The price projection indicated a major demand order block (OB) on the weekly timeframe as its next target. The zone was mitigated with a remarkable uniqueness, evidenced by a full -1% candle. In response, the weekly demand OB retaliated with full momentum, reclaiming 60% of the candle's range.

Following this reaction, the price consolidated for six days just above the weekly OB. The main objective during this period was to reach a significant Fractal Order Block (FCTL OB) on the 1-hour timeframe, nested within the massive weekly OB. However, the attempt to mitigate the FCTL OB resulted in a notable weakening of selling power. This created a high concentration of liquidity within and below that price level, generating tension. With the weekly OB mitigated, the untouched 1-hour OB remains, indicating a second opportunity for the price to initiate a move within the current major supply zone it resides in and eventually lead to mitigation.

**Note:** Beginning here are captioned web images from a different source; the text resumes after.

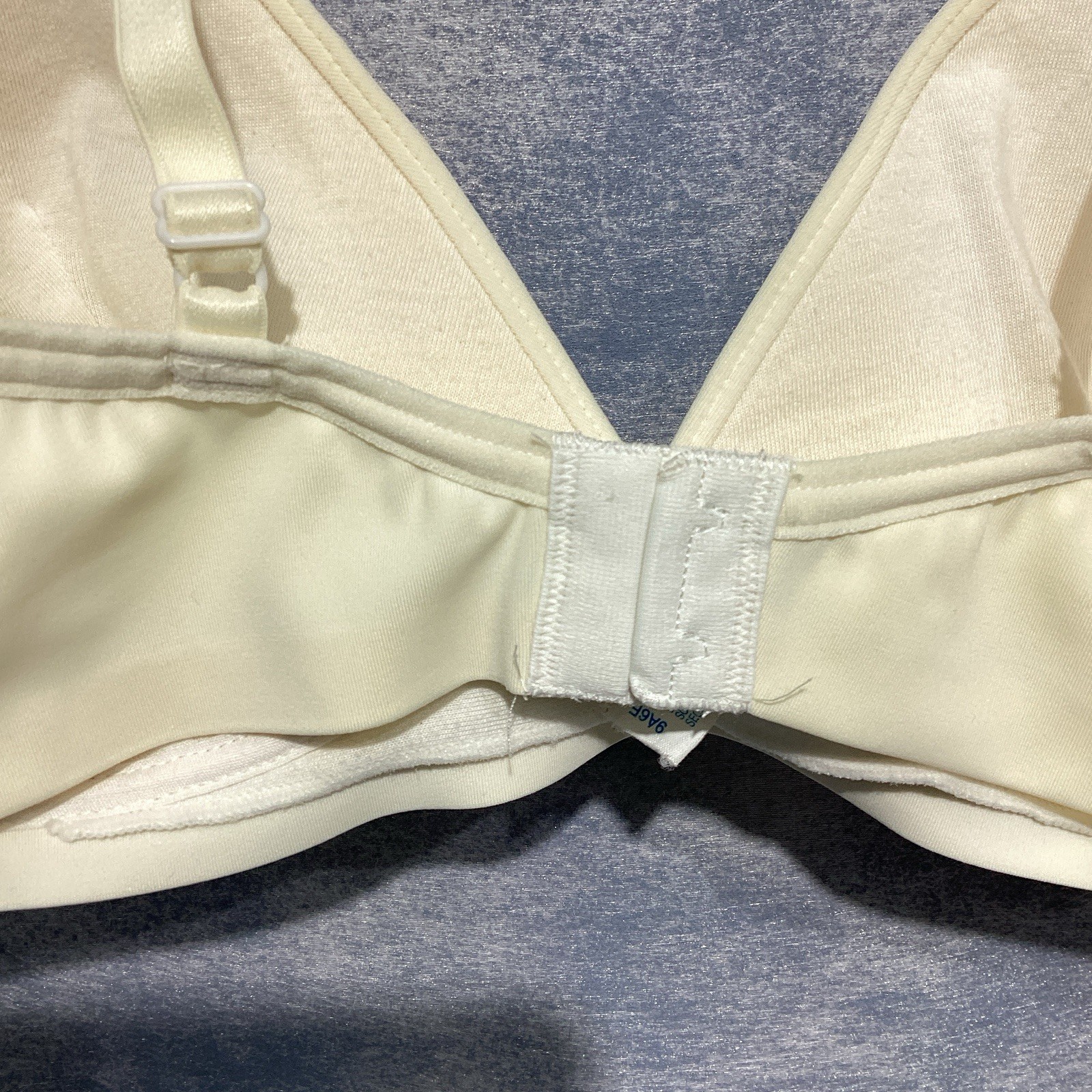 Bestform 38C Ivory White Smooth Cup Wireless Vintage Cotton Lined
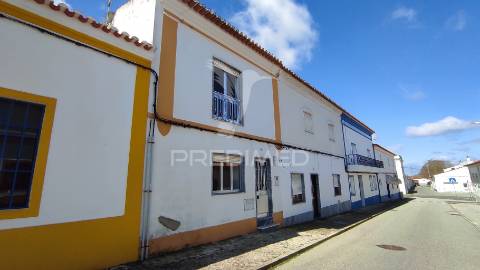 Moradia t4 de 2 pisos com garagem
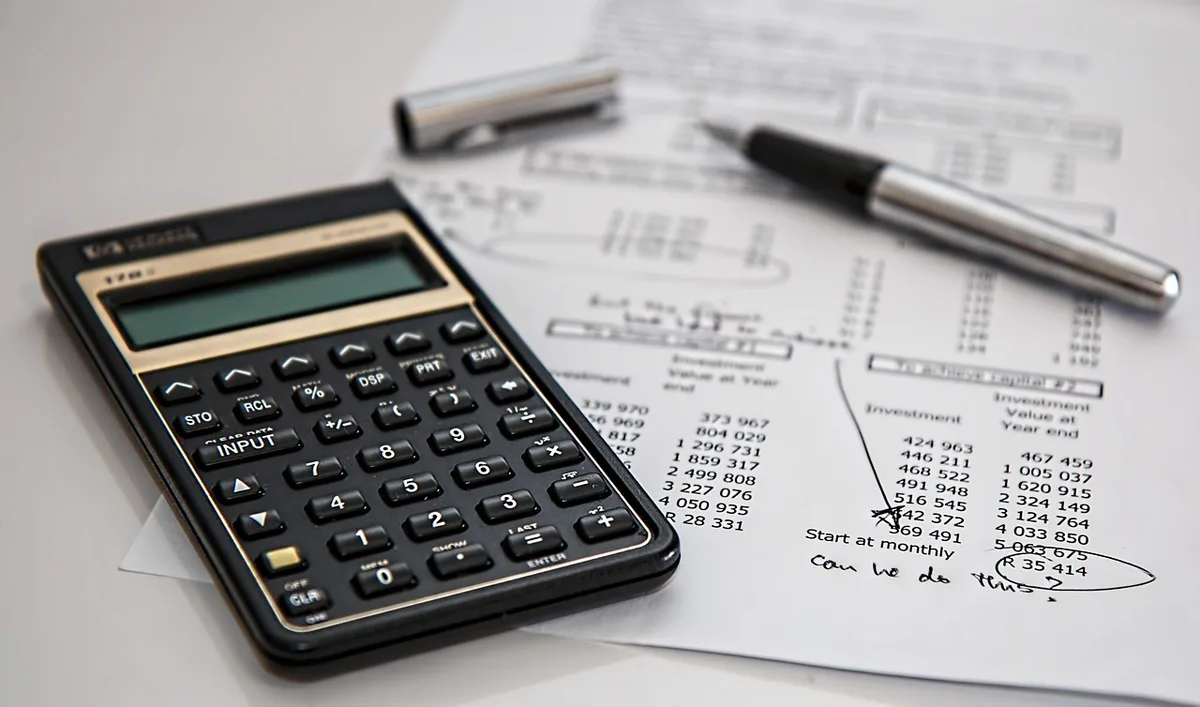 Documents fiscaux et calculs de revenus locatifs sur un espace de travail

Partially within this flip supply OB being mitigated, a supply OB was confounded above, representing a healthy level of supply directly above. These two order blocks were partially intertwined, with a common zone of confluence referred to as the Area of Confluence (AOC). This AOC held substantial power as it marked the premium extremities of the main swing prior to the current active one.

As observed, the price initially mitigated the first zone, followed by a correction manifested in three gentle bearish candles. Subsequently, it headed towards the area of confluence. Upon reaching this zone, a candle exhibiting strong robustness indicated that bullish order flow was facing intense selling pressure.

These observations and analysis provide insights into the market dynamics, highlighting the interactions between order blocks, supply and demand, and the future movements of the EURUSD pair.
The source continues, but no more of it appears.